• **Directions for this task**: Set down exactly the lines in the records below that run from the line with "original sound - mayi.d0" to the line with "51每日吃瓜提供的热门资源，让我在赛博世界里像孩子一样欢蹦乱跳！", inclusive, and nothing more.

• **Exercise materials**:
====

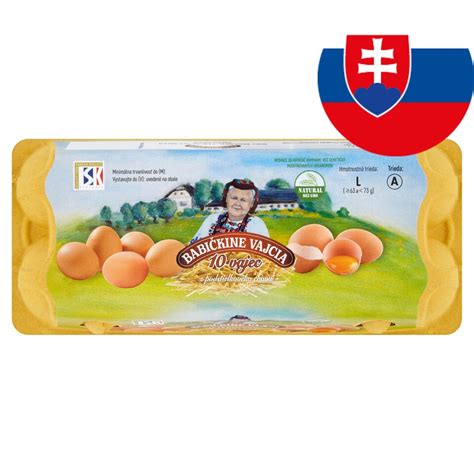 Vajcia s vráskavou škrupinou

====

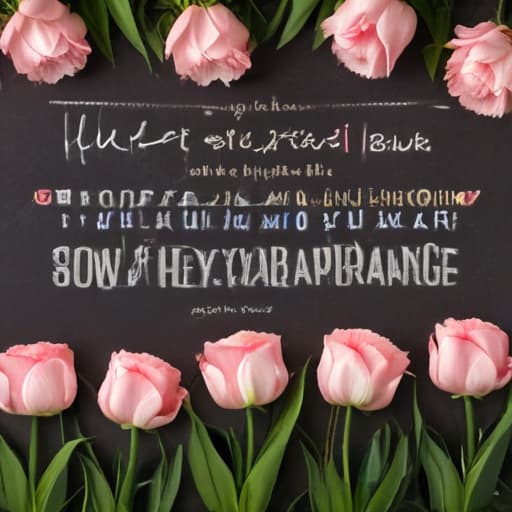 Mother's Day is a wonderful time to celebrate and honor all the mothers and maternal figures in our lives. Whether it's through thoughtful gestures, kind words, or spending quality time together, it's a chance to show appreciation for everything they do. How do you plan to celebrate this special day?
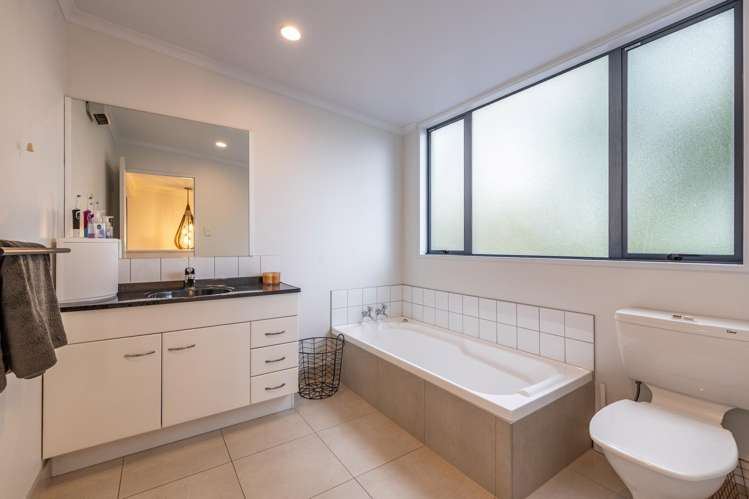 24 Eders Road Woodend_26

====

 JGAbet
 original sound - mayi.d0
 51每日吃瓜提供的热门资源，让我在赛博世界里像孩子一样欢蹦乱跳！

====

• **Reply to the task**:
 original sound - mayi.d0
 51每日吃瓜提供的热门资源，让我在赛博世界里像孩子一样欢蹦乱跳！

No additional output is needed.